But I do feel sad for the people who remain in denial or haven't the faintest insight into why they do what they do. And I'm not just talking about people who have SA. I think this applies even to the average person. Those people who live their lives day-after-day, who have all the regular problems, sorrows, and frustrations (maybe nothing so painful as SA, but still not easy), but still without any idea why they act, feel, or think the way they do. Or why others do either, for that matter. And so they never learn how to deal with life any better or move much farther in terms of personal growth and fulfillment. With self-awareness comes the capacity for growth and change, but without it, you're in the dark and aren't likely to get what you want or need out of life.

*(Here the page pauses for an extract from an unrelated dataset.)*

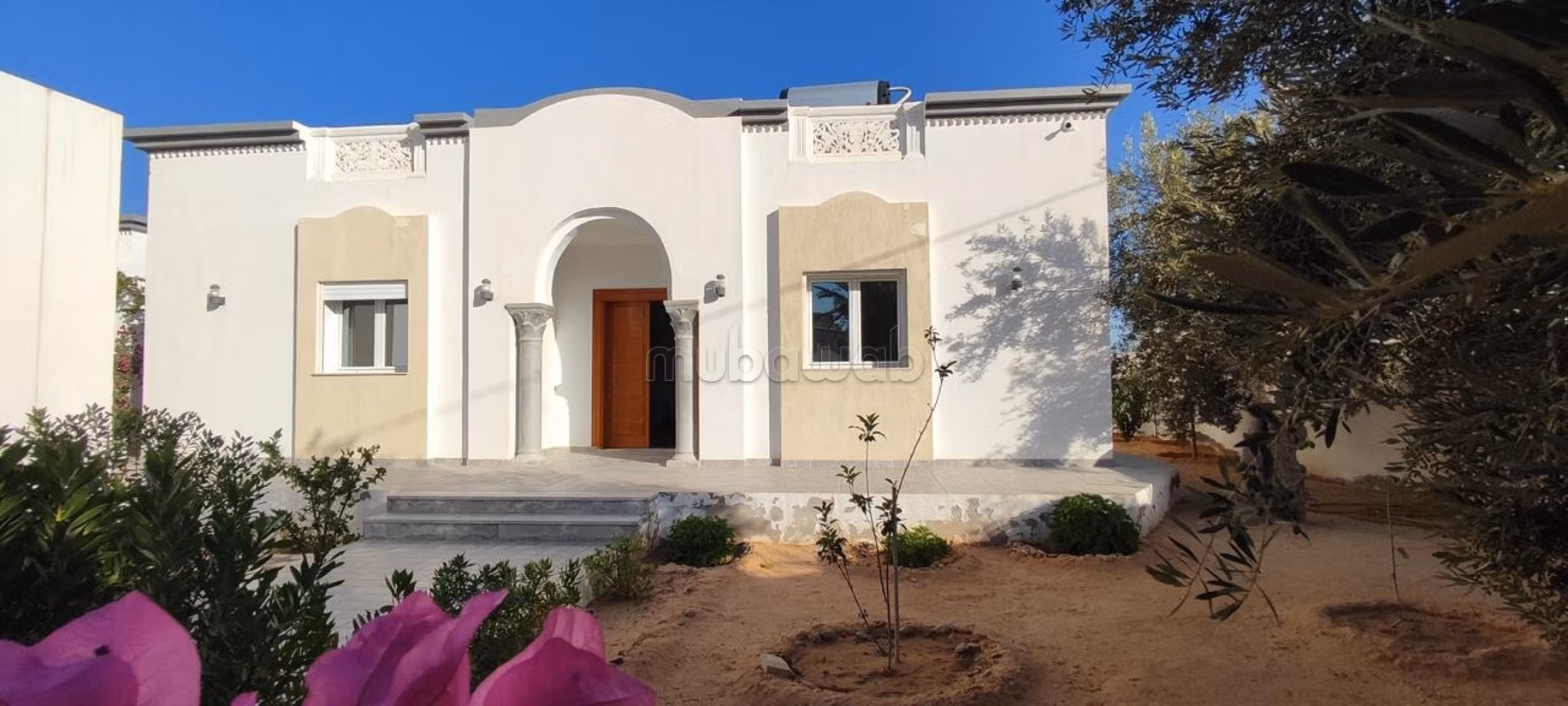 Villa with a zero-visibility pool in Djerba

SA drove me toward self-awareness and change. I now recognize how valuable self-awareness is and how it has enriched my life, to the point where I would never trade my life-with all the stress, pain, and difficulty involved-with a happy, breezy life where I do not know or care to know myself. How empty, how aimless life would be otherwise!


----------



## srschirm (Jun 25, 2006)

*re: What are some positive aspects that resulted from your S*

Great post. I'll try to incorporate this new mindset into my day-to-day thinking.


----------



## RWolfe506 (Apr 20, 2007)

*re: What are some positive aspects that resulted from your S*

I think not being part of the crowd has given me a unique perspective on things... people much older than me often tell me they're impressed because they think I've learned a lot of the things that take people most of their lives to figure out.


----------